7. OCCUPATIONAL STRUCTURE

  • During the colonial period, the occupational structure of India, i.e., distribution of working persons across different industries and sectors, showed little sign of change.
  • The agricultural sector accounted for the largest share of workforce, which usually remained at a high of 70-75 per cent while the manufacturing and the services sectors accounted for only 10 and 15-20 per cent respectively.
  • Another striking aspect was the growing regional variation. Parts of the then Madras Presidency (comprising areas of the present-day states of Tamil Nadu, Andhra Pradesh, Kerala and Karnataka), Maharashtra and West Bengal witnessed a decline in the dependence of the workforce on the agricultural sector with a commensurate increase in the manufacturing and the services sectors.
  • However, there had been an increase in the share of workforce in agriculture during the same time in states such as Orissa, Rajasthan and Punjab.

8. INFRASTRUCTURE

  • Under the colonial regime, basic infrastructure such as railways, ports, water transport, posts and telegraphs did develop. However, the real motive behind this development was not to provide basic amenities to the people but to subserve various colonial interests.
  • Roads constructed in India prior to the advent of the British rule were not fit for modern transport. The colonial administration also could not accomplish much on this front due to a paucity of funds. The roads that were built primarily served the purposes of mobilising the army within India and drawing out raw materials from the countryside to the nearest railway station or the port to send these to far away England or other lucrative foreign destinations.
  • There always remained an acute shortage of all- weather roads to reach out to the rural areas during the rainy season. Naturally, therefore, people mostly living in these areas suffered grievously during natural calamities and famines.
  • The British introduced the railways in India in 1850 and it is considered as one of their most important contributions.
  • The railways affected the structure of the Indian economy in two important ways. On the one hand it enabled people to undertake long distance travel and thereby break geographical and cultural barriers while, on the other hand, it fostered commercialisation of Indian agriculture which adversely affected the comparative self- sufficiency of the village economies in India.
  • The volume of India’s export trade undoubtedly expanded but its benefits rarely accrued to the Indian people.

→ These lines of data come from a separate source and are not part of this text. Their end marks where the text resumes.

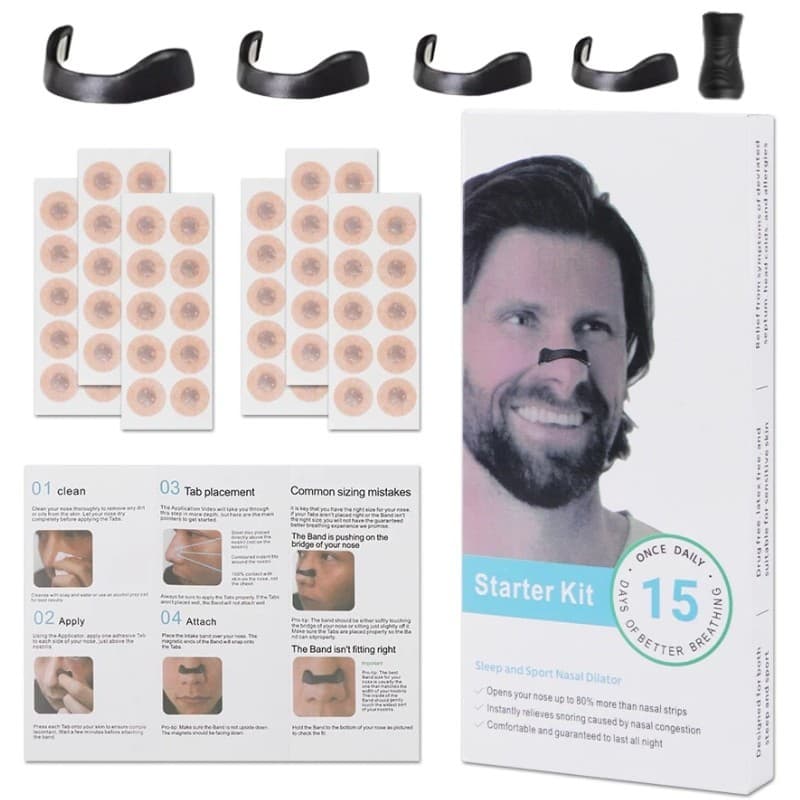 Dilatador Nasal Para Respiração Silencioso e Confortável Anti-Ronco e Congestão Expansor LUA623-055
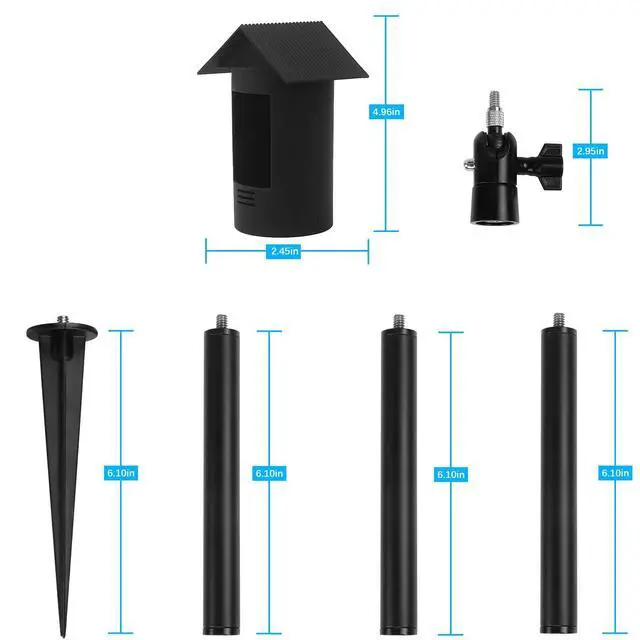 Alt view image 5 of 7 - Camera Ground Stake Mount and Silicone Skin for R-ing Stick Up Cam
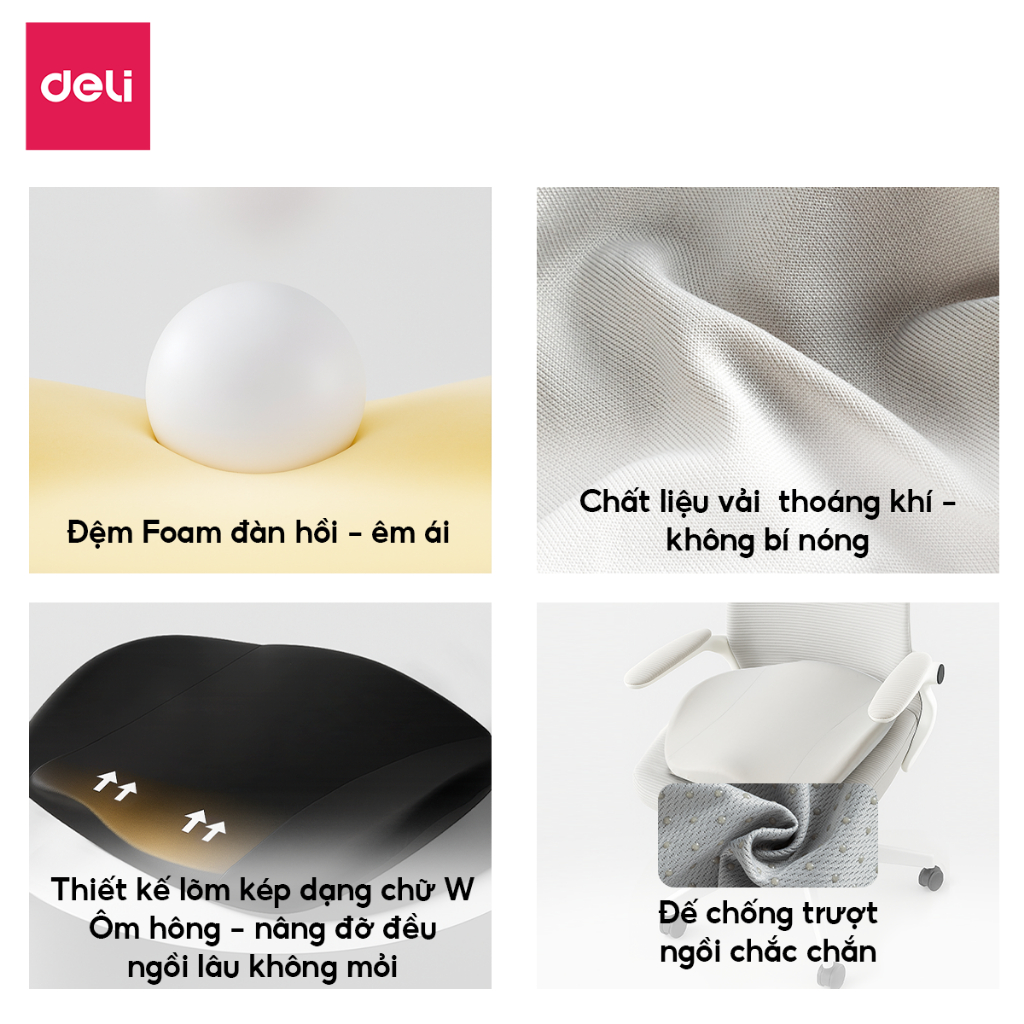 Đệm Ngồi Memory Foam Công Thái Học Cao Cấp – Giảm Đau Lưng, Xương Cụt – Thoáng Khí, Chống Trượt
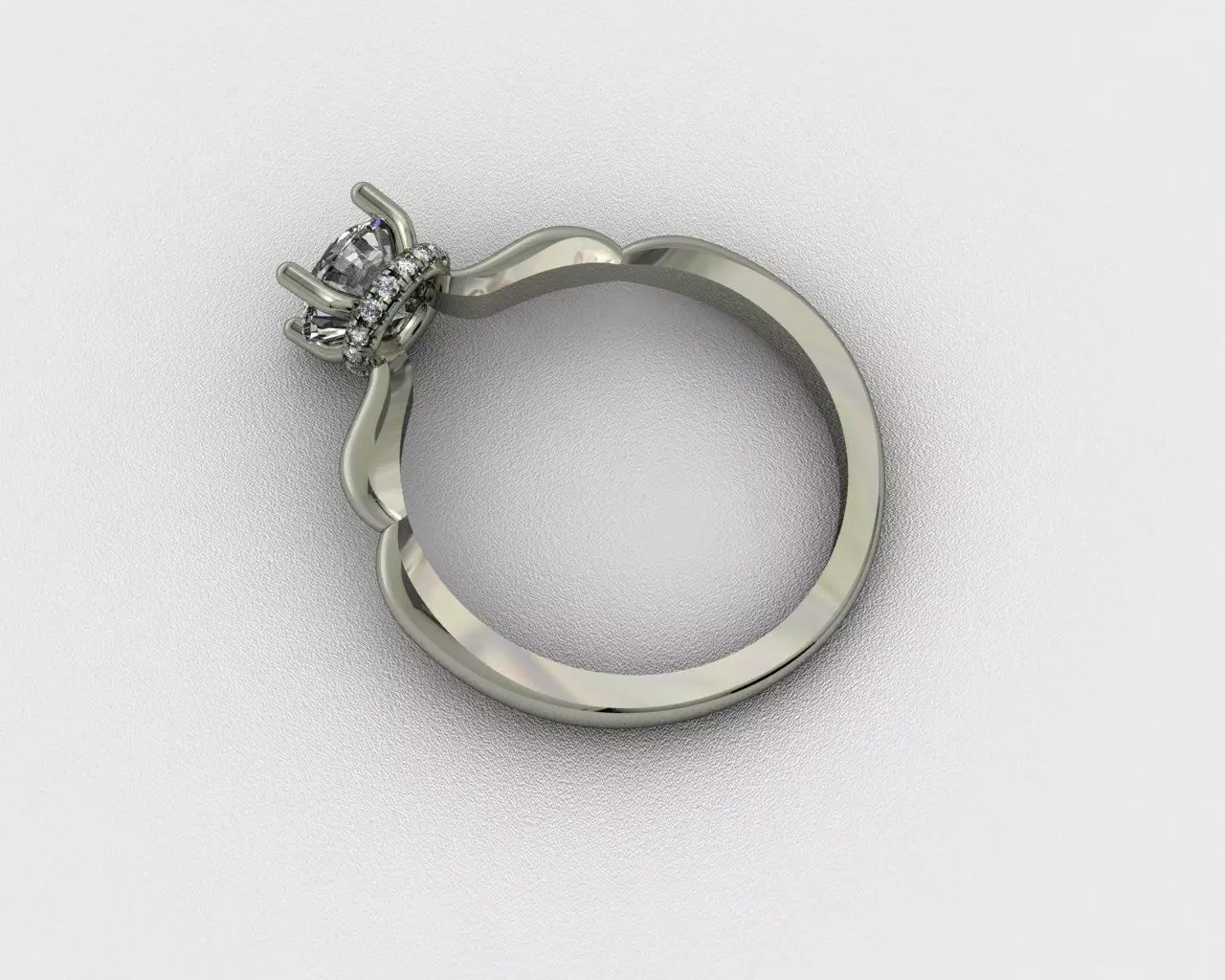  Engagement Ring 3D print model 3D print model_0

The social benefits, which the Indian people gained owing to the introduction of the railways, were thus outweighed by the country’s huge economic loss.
  • Along with the development of roads and railways, the colonial dispensation also took measures for developing the inland trade and sea lanes. However, these measures were far from satisfactory.
  • The inland waterways, at times, also proved uneconomical as in the case of the Coast Canal on the Orissa coast. Though the canal was built at a huge cost to the government exchequer, yet, it failed to compete with the railways, which soon traversed the region running parallel to the canal, and had to be ultimately abandoned.
  • The introduction of the expensive system of electric telegraph in India, similarly, served the purpose of maintaining law and order. The postal services, on the other hand, despite serving a useful public purpose, remained all through inadequate.
  • 1854, First Railway from Bombay to Thane
  • TAta Airlines ,a division of Tata and Sons, was established in 1932 inaugurating the aviation sector in India

9. CONCLUSION

  • By the time India won its independence, the impact of the two-century long British colonial rule was already showing on all aspects of the Indian economy.
  • The agricultural sector was already saddled with surplus labour and extremely low productivity. The industrial sector was crying for modernisation, diversification, capacity building and increased public investment. Foreign trade was oriented to feed the Industrial Revolution in Britain. Infrastructure facilities, including the famed railway network, needed upgradation, expansion and public orientation. Prevalence of rampant poverty and unemployment required welfare orientation of public economic policy.
  • In a nutshell, the social and economic challenges before the country were enormous.